Rechtliche Beurteilung

a) Der an der Zerrüttung der Ehe allein schuldige Teil, der danach weitere Eheverfehlungen setzt, kann sich nicht auf die Verwirkung des Scheidungsrechts durch den an der Zerrüttung schuldlosen Teil mit der Begründung berufen, dieser habe nicht binnen sechs Monaten nach Eintritt der unheilbaren Zerrüttung (§ 57 Abs 1 EheG) die Ehescheidungsklage eingebracht (8 Ob 2119/96t = SZ 70/19). Fortgesetztes unleidliches Verhalten ist nach stRspr (zuletzt 8 Ob 225/97i = EFSlg 84.586 uva; RIS-Justiz RS0057240) jedoch als Einheit zu sehen, sodaß der Fristenlauf erst mit Kenntnisnahme der letzten in diesem Zusammenhang konkretisierbaren Handlung des Partners beginnt.

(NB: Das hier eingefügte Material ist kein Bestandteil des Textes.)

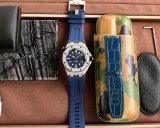 OROLOGI Piguet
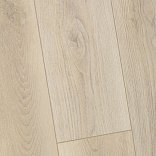 Кварц виниловый ламинат FirstFloor FirstFloor 1F002 Серый дикий лес/Wild Forest Gray - 3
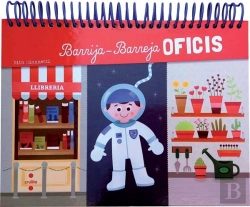 Bertrand.pt - Oficis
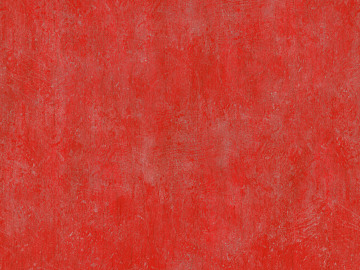 Paint Wall texture (ID:ffhbe571)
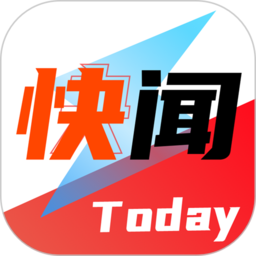 leyu乐鱼官网:安全可靠的在线娱乐选择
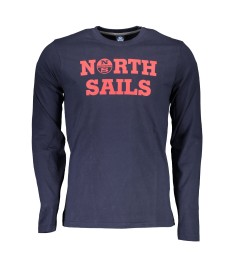 NORTH SAILS MARŠKINĖLIAI 902478000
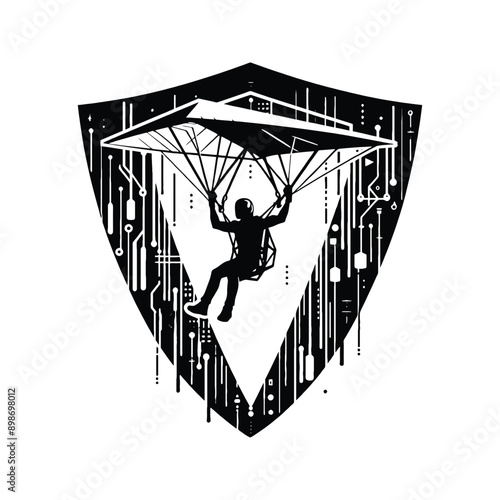 Hang Gliding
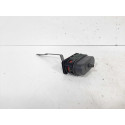 Atuador Caixa Ar Mercedes C280 1995 1996 1997 1998 A 2001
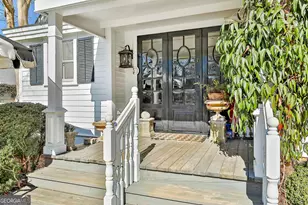 372 E College St, Griffin, GA 30224 - Photo 43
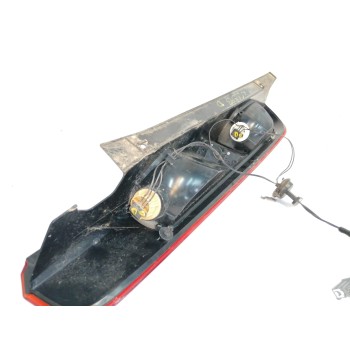 Recambio de piloto trasero derecho para ford focus lim. (cb4) 1.8 tdci turbodiesel cat referencia OEM IAM 8M5113404A  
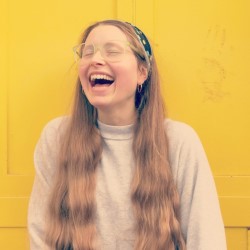 Jessie Cave: Sunrise. Jessie Cave. Jessie Cave: Sunrise. Jessie Cave.
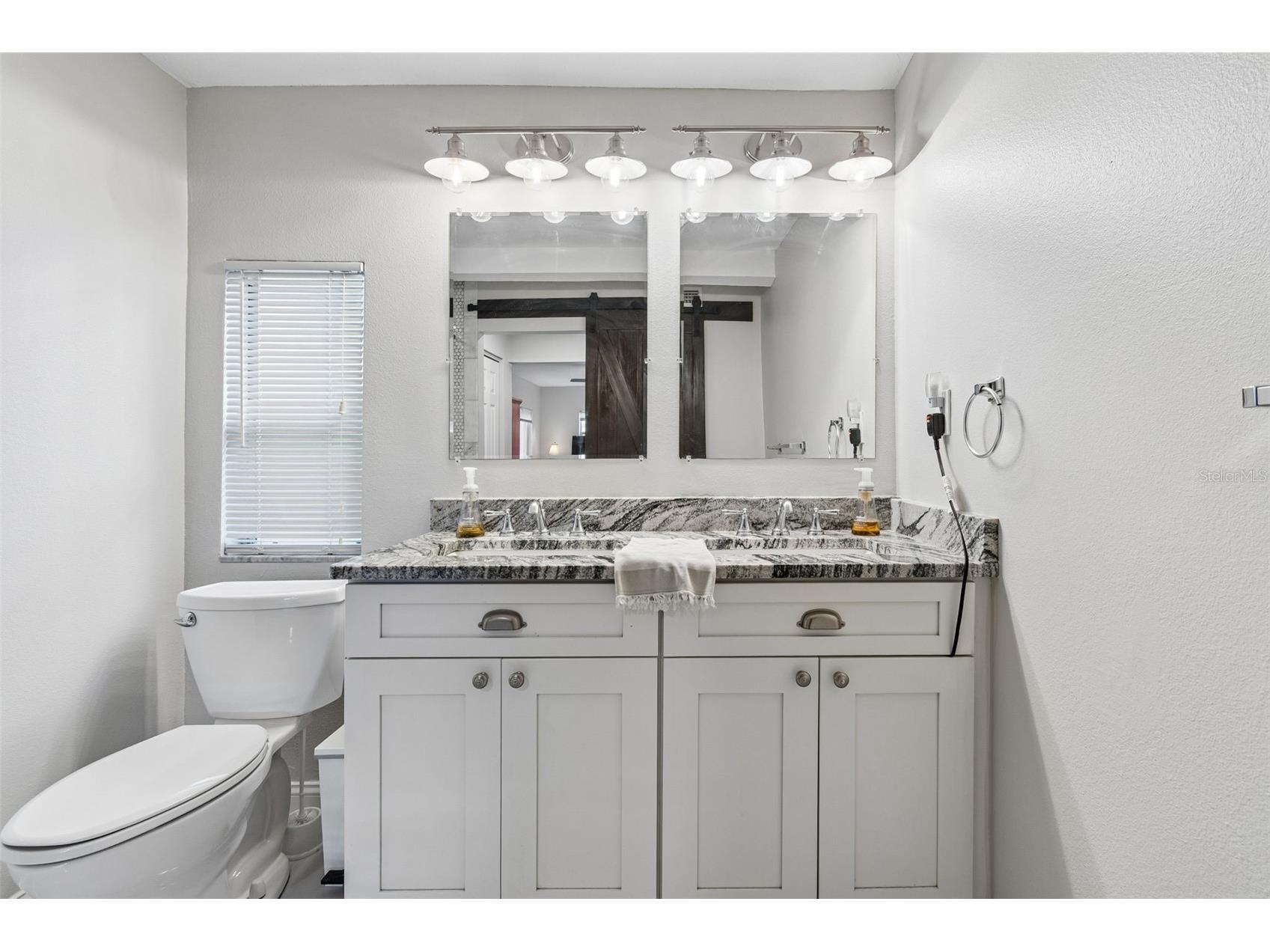 2920 W Ellis Drive Tampa FL 33611 TB8503354 image39
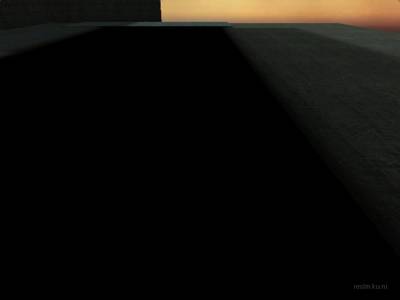 de_center_square_v_1 thumb 7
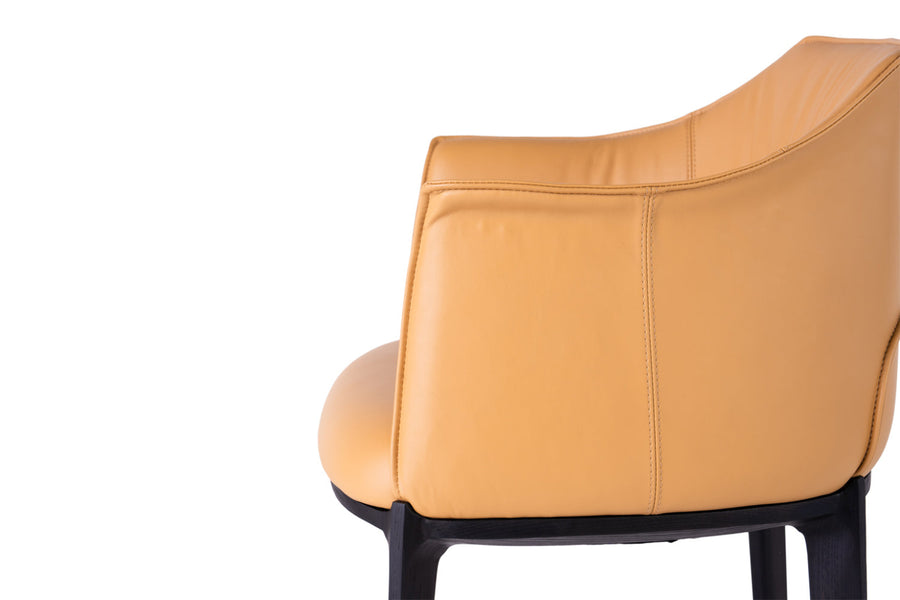 アーチボルドダイニングチェア/ARCHIBALD Dining Chair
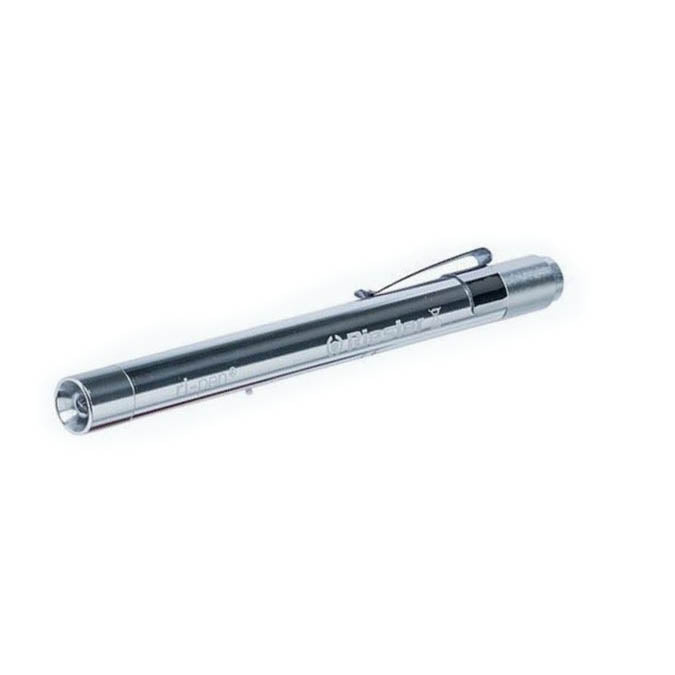 Ri-Pen® Penlight - Pack of 6 - Various Colours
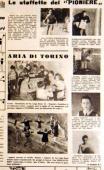 Staffeta di Torino  n°18. 5_maggio_1951 - Copia - Copia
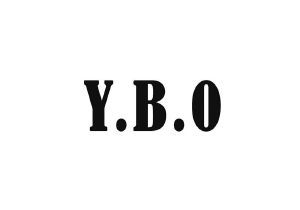 YBO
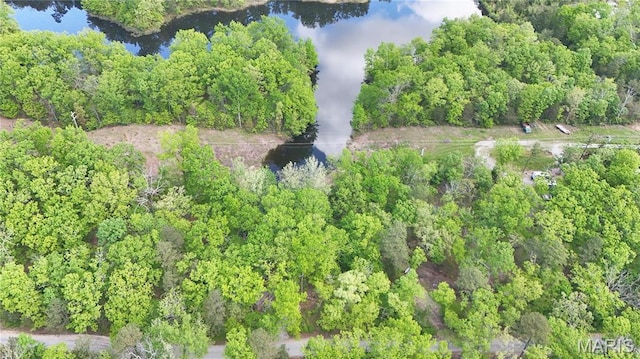 LOTS49-51 Susan Dr, Saint Genevieve, MO 63670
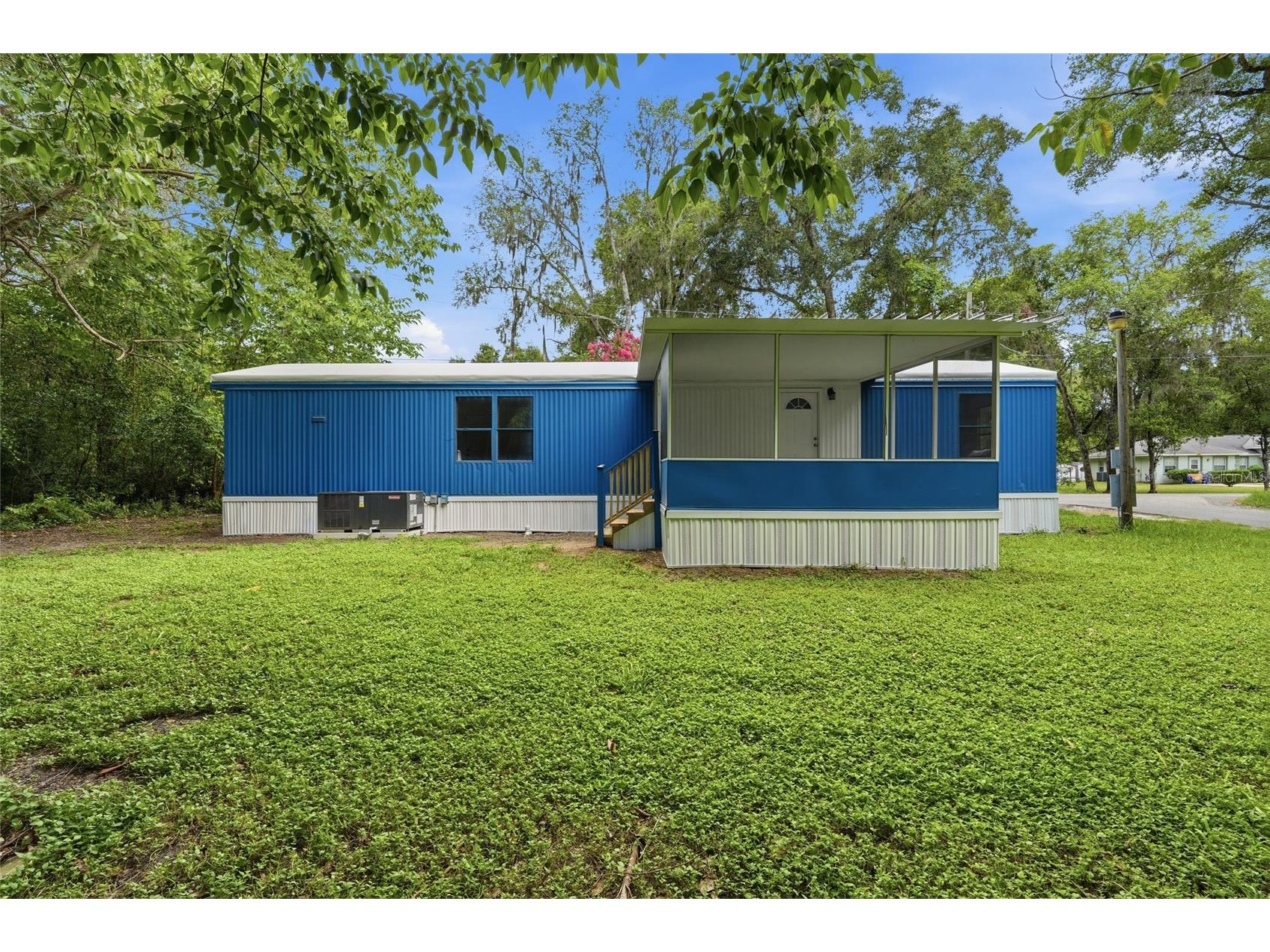 1212 NE 1st Avenue Williston FL 32696 GC541174 image25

b) Verzeihung iSd § 56 EheG ist nur dann anzunehmen, wenn der gekränkte Ehegatte durch sein Gesamtverhalten zum Ausdruck bringt, daß er das als Eheverfehlung empfundene Fehlverhalten seines Ehepartners nicht mehr als solches betrachtet und daher vorbehaltlos bereit ist, mit ihm die Ehe fortzusetzen (stRspr, zuletzt 1 Ob 73/98m; RIS-Justiz RS0057069, RS0057075; Pichler in Rummel2, § 56 EheG Rz 2). Die erlittene Kränkung muß innerlich überwunden sein. Für die Verzeihung ist der Ehegatte beweispflichtig, der die Verfehlung(en) begangen hat (7 Ob 23/97a = EFSlg 84.585 mwN ua). Ob Verzeihung anzunehmen ist, betrifft einen inneren Vorgang, der in erster Linie nach freier Beweiswürdigung festzustellen und somit dem vom Obersten Gerichtshof nicht überprüfbaren Tatsachenbereich zuzuordnen ist (RZ 1980/29; EFSlg 69.238 uva, zuletzt 1 Ob 4/98i). In der Tatsache des Geschlechtsverkehrs (hier ein- bis zweimal wöchentlich im Mai und Anfang Juni 1998) allein kann noch keine Verzeihung erblickt werden, wenn nicht aus dem gesamten Verhalten des gekränkten Ehegatten hervorgeht, daß er dadurch unzweideutig zum Ausdruck bringen wollte, daß er die Eheverfehlungen des anderen Teils, wodurch er sich zuerst gekränkt erachtete, nun als solche nicht mehr empfinde und vorbehaltlos bereit sei, mit ihm die Ehe fortzusetzen (RZ 1978/51; 8 Ob 1577/92 ua, zuletzt 1 Ob 4/98i; RIS-Justiz RS0057022). Hier stellten die Tatsacheninstanzen fest, daß die Klägerin nur aus Angst vor weiteren Beschimpfungen und Mißhandlungen zum Geschlechtsverkehr bereit gewesen sei und damit die Hoffnung verbunden habe, der Beklagte werde sein verletzendes und beleidigendes Verhalten einstellen. Von einer Aussöhnung der Streitteile kann dabei wohl keine Rede sein. Die Voraussetzungen für eine Verzeihung wurden demnach von der zweiten Instanz zutreffend verneint.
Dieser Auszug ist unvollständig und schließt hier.